この発明は、培養されたスフェロイドの崩壊度を定量的に評価する目的に適用することができ、例えば、創薬スクリーニングを目的としてスフェロイドに作用させた化合物の薬効を定量的に評価する際に利用することができる。
1 スフェロイド評価装置
11 ホルダ(保持部)
13 撮像部(撮像部、画像取得手段)
141 CPU(画像処理手段、崩壊度算出手段)
142 インターフェース部
Sp1,Sp2,Sp3 スフェロイド
W ウェル
WP ウェルプレート(容器)

Claims (15)

  1. スフェロイドを撮像した画像から当該スフェロイドの崩壊度を評価するスフェロイドの評価方法において、
    前記スフェロイドおよびその周囲領域を含む前記画像のうち前記スフェロイドが占めるスフェロイド領域を特定する工程と、
    前記スフェロイド領域の画像濃度から、前記スフェロイドの光学濃度の平均値および該光学濃度の前記スフェロイド内でのばらつきを求める工程と、
    前記スフェロイド領域の輪郭から、前記スフェロイドの円形度を求める工程と、
    前記スフェロイドおよびその周囲領域の画像濃度から、前記スフェロイドの鮮明度を求める工程と、
    前記光学濃度の平均値およびばらつきと、円形度と、鮮明度とを所定の演算式に代入して前記スフェロイドの崩壊度を求める工程と
    を備えるスフェロイドの評価方法。
  2. 前記演算式は、
    崩壊度を指標する数値が付与されたスフェロイドの画像を複数収集し、
    収集された画像のそれぞれについて求めたスフェロイドの光学濃度の平均値およびばらつきと、円形度と、鮮明度とを原因系とし、当該画像の崩壊度の数値を結果系とする回帰分析を実行することにより求められる、請求項1に記載のスフェロイドの評価方法。
  3. 前記演算式による演算結果では、前記スフェロイドの光学濃度の平均値が高いほど崩壊度が高くなる請求項1または2に記載のスフェロイドの評価方法。
  4. 前記演算式による演算結果では、前記スフェロイドの光学濃度のばらつきが大きいほど崩壊度が高くなる請求項1ないし3のいずれかに記載のスフェロイドの評価方法。
  5. 前記演算式による演算結果では、前記スフェロイドの円形度が小さいほど崩壊度が高くなる請求項1ないし4のいずれかに記載のスフェロイドの評価方法。
  6. 前記演算式による演算結果では、前記スフェロイドの鮮明度が小さいほど崩壊度が高くなる請求項1ないし5のいずれかに記載のスフェロイドの評価方法。

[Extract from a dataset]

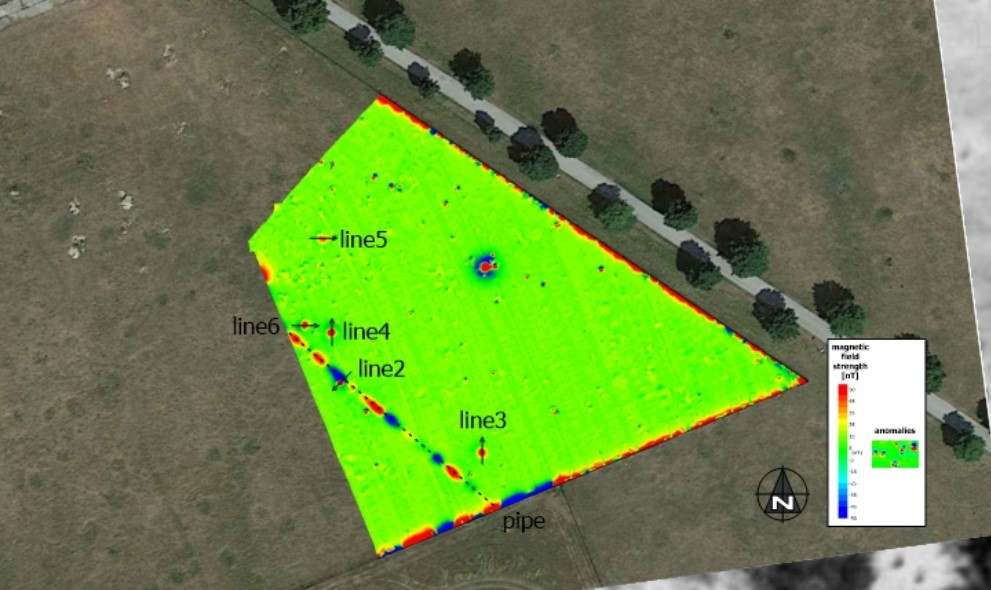 Magnetic survey results indicating point targets of interest. GPR lines (2-6) were collected over the areas of interest to confirm findings and determine depth of the target.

  7. 前記スフェロイドの鮮明度は、前記スフェロイドの周縁部の光学濃度と前記スフェロイド全体の光学濃度との比の値として定義される請求項1ないし6のいずれかに記載のスフェロイドの評価方法。
  8. 前記スフェロイドの鮮明度は、前記スフェロイド領域の輪郭におけるエッジ強度に対応する画素値を有する画素の光学濃度として定義される請求項1ないし6のいずれかに記載のスフェロイドの評価方法。

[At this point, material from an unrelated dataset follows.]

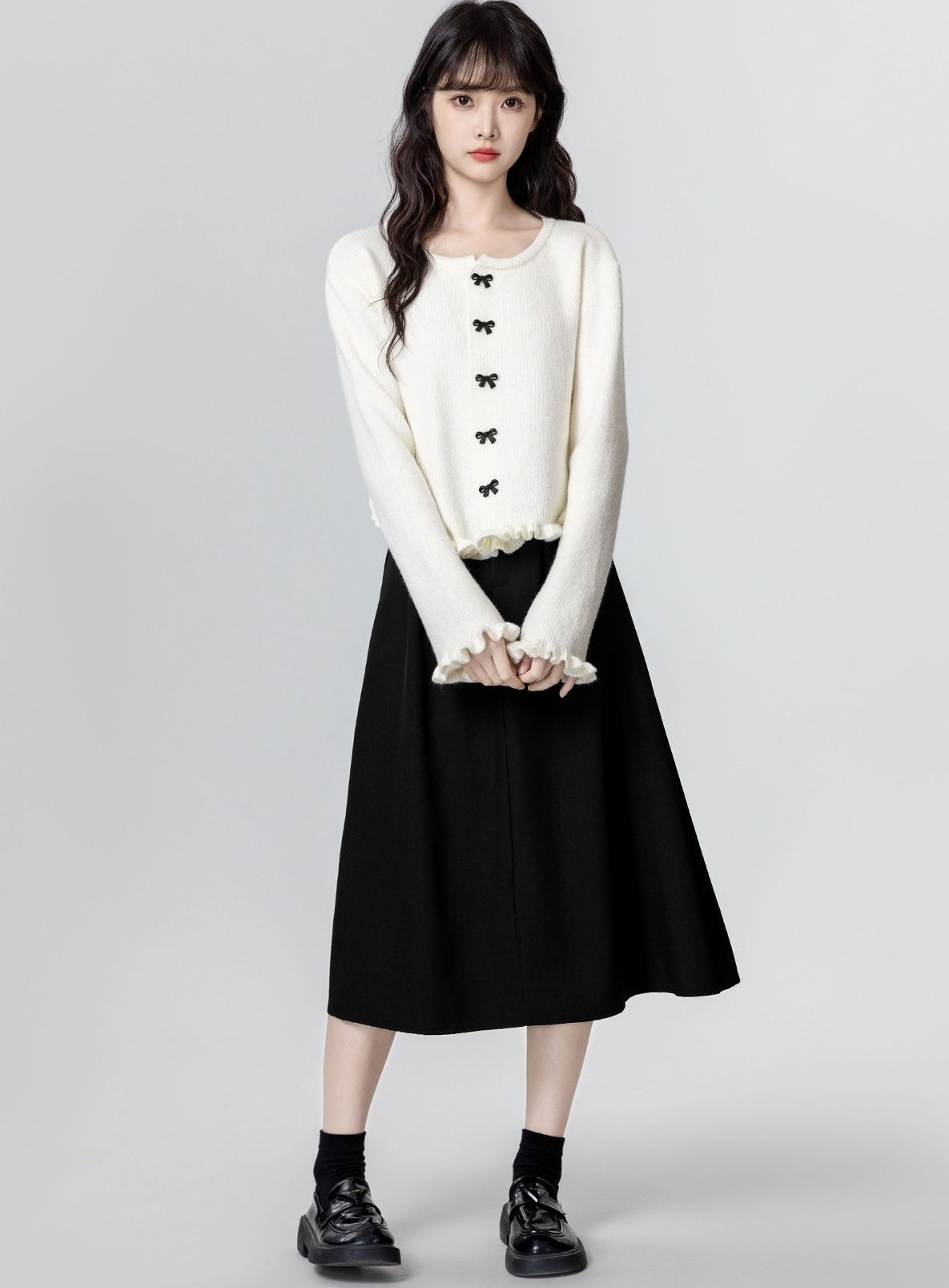 French Bow Ruffle Trim Cardigan Jacket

  9. 前記スフェロイドの鮮明度は、前記スフェロイド領域の輪郭に対応する各画素について画素の輝度値に基づきエッジ検出フィルタ演算によりそれぞれ求めたエッジ強度の平均値をSa、前記スフェロイドの周囲領域の画素の輝度の平均値をIsとしたとき、次式:
    Sh=log10{Is/(Is−Sa/4)}
    の左辺Shとして定義される請求項8に記載のスフェロイドの評価方法。
  10. 前記スフェロイドを形成する細胞種に応じて前記演算式を異ならせる請求項1ないし9のいずれかに記載のスフェロイドの評価方法。
  11. スフェロイドを撮像した画像から当該スフェロイドの崩壊度を判定するスフェロイド評価装置において、
    前記スフェロイドおよびその周囲領域を含む画像を取得する画像取得手段と、
    前記画像のうち前記スフェロイドが占めるスフェロイド領域を特定し、前記スフェロイド領域の画像濃度から、前記スフェロイドの光学濃度の平均値および該光学濃度の前記スフェロイド内でのばらつきを求め、前記スフェロイド領域の輪郭から前記スフェロイドの円形度を求め、前記スフェロイドおよびその周囲領域の画像濃度から前記スフェロイドの鮮明度を求める画像処理手段と、
    前記光学濃度の平均値およびばらつきと、円形度と、鮮明度とに基づき前記スフェロイドの崩壊度を求める崩壊度算出手段と
    を備えるスフェロイド評価装置。
  12. 前記崩壊度算出手段は、前記スフェロイドとその崩壊度を指標する数値とが対応付けられた複数の画像それぞれについて、スフェロイドの光学濃度の平均値およびばらつきと、円形度と、鮮明度とを求めて原因系とし、当該画像の崩壊度の数値を結果系として回帰分析を実行し、その結果に基づき求めた演算式と、前記光学濃度の平均値およびばらつきと、円形度と、鮮明度とから、前記スフェロイドの崩壊度を求める請求項11に記載のスフェロイド評価装置。
  13. 前記画像取得手段は、前記スフェロイドを含む培地を担持する容器を保持する保持部と、前記保持部に保持された前記容器内の前記スフェロイドを撮像して前記画像を取得する撮像部とを有する請求項11または12に記載のスフェロイド評価装置。
  14. 前記撮像部は、前記スフェロイドを非侵襲で撮像する請求項13に記載のスフェロイド評価装置。
  15. 前記画像取得手段は、外部の撮像装置により撮像された、または外部の記憶装置に記憶された前記スフェロイドの画像データを受け入れる請求項11または12に記載のスフェロイド評価装置。